One local school board official became upset at Stuter’s efforts, she
said, and in 1995 “wrote a scathing editorial in the local newspaper
about me — saying I was lying about the dangers of the school’s
curriculum, that I’m a conspiracy nut, a militia momma, you name it.”
Shortly afterward the harassment began in earnest, she added.

While she admits, “I’m not one hundred percent sure” the harassment
began because of her advocacy of home schooling, “it (the harassment)
was conveniently started after that scathing letter.”

The board official — Doyle Wheeler, who could not be reached for
comment — authored the letter, which was published in the local
newspaper. Mrs. Stuter said he targeted her in the letter.

“He didn’t even know me at the time,” she said, “but he is a part of
the pro-government education curriculum taught in the schools. He
didn’t attack my home schooling effort, just my efforts to reform things
at the public school.”

WorldNetDaily contacted the Stevens County Sheriff’s Department in
Washington for comment, but the department did not return repeated phone
calls.

During the confrontation with juveniles Sept. 29, Stuter said she was
astounded that the sheriff’s department only detailed two deputies to
handling “a mob of what had to be at least 120 kids.”

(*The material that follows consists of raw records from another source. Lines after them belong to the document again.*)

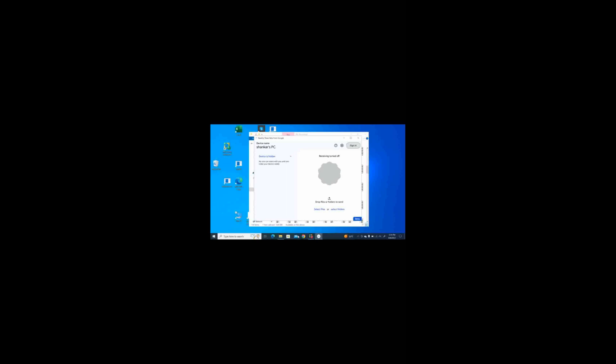Hello everyone, welcome to Tech Accessibility Tutorials. Recently Google has released Nearby Share beta for Windows, and that means you can transfer photos, videos, documents, or any other files between your Android device and Windows PC very easily. In this video I'm going to give you a detailed look into the process of transferring files between your Android device and Windows PC using a screen reader.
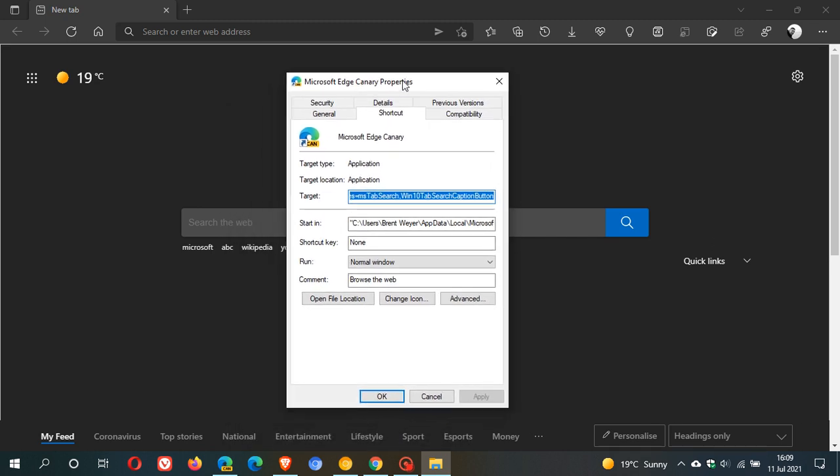And in Edge Canary properties, what we're going to do is we're going to enter the command line flag into our target field. Now, in the target field in the properties, what you do is you leave a space between the last entry in the original target field. So after the last entry in the original target field, you leave a space...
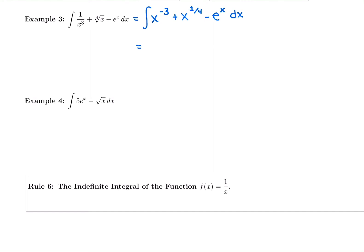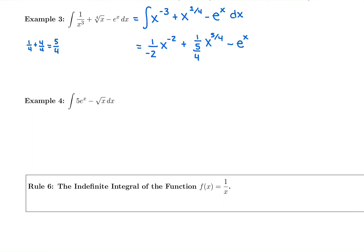For the first piece, we're going to add 1 and put it in the denominator as our new power. Negative 3 plus 1 is negative 2, so we get 1 over negative 2, x to the negative 2. For the next piece, we have a fractional exponent to add 1 to: 1 fourth plus 1 is 1 fourth plus 4 fourths, which is 5 fourths. So we would have 1 over 5 fourths, x to the 5 fourths, minus the antiderivative of e to the x, which is e to the x plus C.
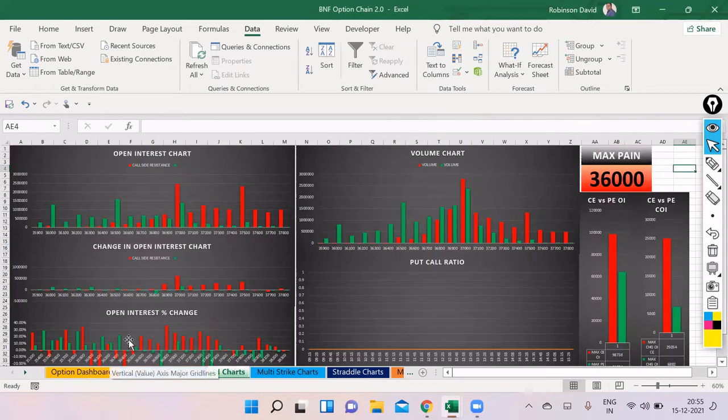Now let's quickly check out Nifty. I didn't open my Excel sheet so let's check this out in Obstra.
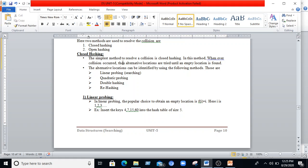In the closed hashing method, the simplest approach to resolve collisions is to try alternate locations until an empty one is found. This can be done using linear probing, quadratic probing, double hashing, and rehashing. In linear probing, the popular choice to find an empty location uses f(i) = i, where i = 1, 2, 3, 4 and so on.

“The department knows the history here,” she said, referring to the
five previous years local juveniles have “circled” the Stuter home on
homecoming night. “And yet, they didn’t plan for it? They had a
contingency plan of just two deputies?”

Stuter said she and her husband ultimately had to pull a pick-up
truck across the street to block the juveniles from “driving their
serpentine of cars” repeatedly in front of their home. “Each time they
passed,” she said, “the number of cars and kids grew.”

When the Stuters believed the juveniles assembling in front of their
home were preparing to stone the house, they finally went outside —
armed with a shotgun — to confront them. Deputies arrived within
minutes and finally dispersed the crowd.

Surprisingly, however, Stuter said, “The lead deputy — the one who
was at the front of the line of cars containing all the kids — denied
seeing them do anything or hearing them shout anything,” which she said
consisted of vulgar epithets “shouted at the top of their lungs.
Instead, he wanted to arrest me for illegally brandishing a weapon,
which never even happened. All I did was carry the thing out because I
honestly didn’t know if we’d end up having to defend ourselves and our
home.”

The second deputy, however, “did break them up and ordered them to go
home under threat of arrest.”

After five long years, the Stuters say they’ve had enough.

“When the bomb went off in our yard and the local sheriff’s
department wouldn’t investigate it,” Mrs. Stuter said, “we contacted the
Bureau of Alcohol, Tobacco and Firearms and the FBI. They told us the
bomb was not big enough or dangerous enough for them to deal with, which
we felt was just unbelievable.”

“I guess they have to kill one of us first before they look into it,”
she added.

Stuter said she and her husband have retained an attorney and are
considering legal action against local officials and the sheriff’s
department.

“We have a right to be secure in our persons and in our home,” said
Stuter. “What is going on here is not simply an exercise in free speech
— it’s harassment, pure and simple, and it’s got to stop.”